Indexed As: R. v. Plant (R.S.)

Supreme Court of Canada

Lamer, C.J.C., La Forest, Sopinka,

Gonthier, Cory, McLachlin

and Iacobucci, JJ.

September 30, 1993.

Summary:

Police received a tip from an anonymous informant that marijuana was being grown in a certain house. Police located the house, noted its civic address and conducted a warrantless perimeter search. They then did a computer search of the city’s utility main­frame and discovered the accused’s residence used four times the average amount of elec­tricity. Increased electricity use was consist­ent with a hydroponic marijuana growing operation. Police then obtained a search warrant, conducted a reasonable search and discovered marijuana seedlings. The accused was convicted of unlawfully cultivating a narcotic contrary to s. 6(1) of the Narcotic Control Act. The accused appealed, claiming violation of his right to be secure against unreasonable search and seizure (Charter, s. 8).

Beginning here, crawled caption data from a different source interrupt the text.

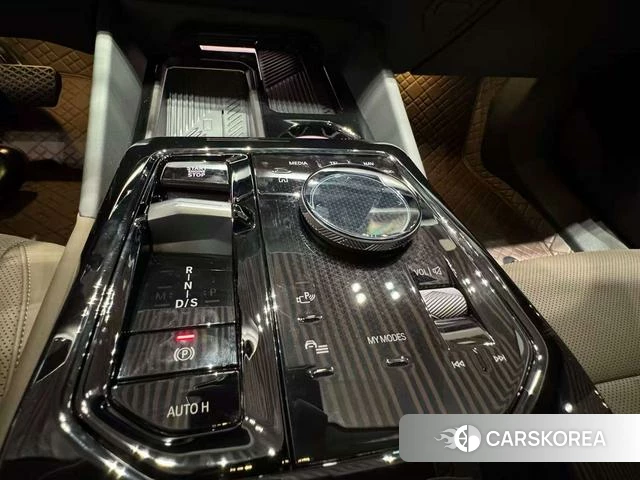 BMW 5 series 2025 Черный из Китая, фото 5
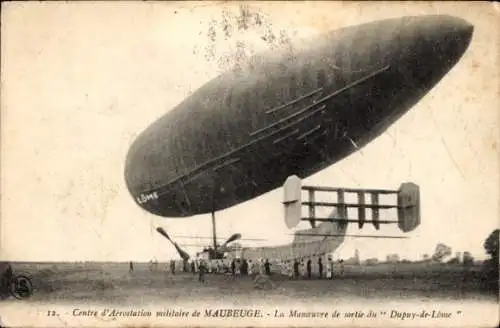Ak Maubeuge, Militärflugplatz, Französisches Luftschiff Dupuy de Lôme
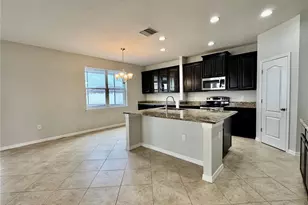 2005 Via Napoli St, Plant City, FL 33566 - Photo 6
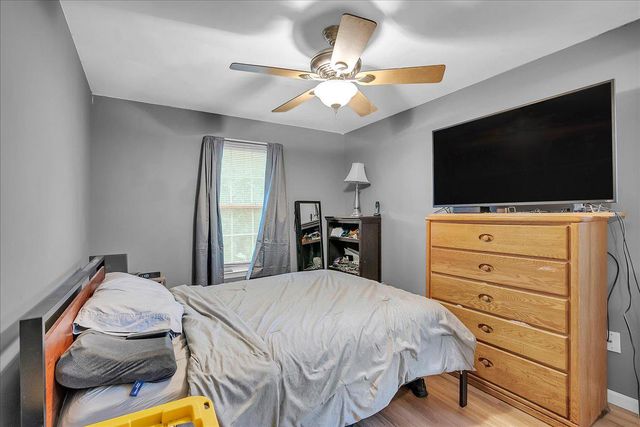 24 COUNTY AVE, Maple Shade, NJ 08052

The Alberta Court of Appeal, in a judg­ment reported 116 A.R. 1, dismissed the appeal. The court stated that the warrantless perimeter search under s. 10 of the Narcotic Control Act was lawful, the computer search of utility bills did not violate s. 8 of the Charter, the search warrant was valid and the evidence obtained was, accordingly, admis­sible. Alternatively, if there was a violation of s. 8 of the Charter, the court stated that the evidence obtained would not be excluded under s. 24(2) of the Charter. The accused appealed.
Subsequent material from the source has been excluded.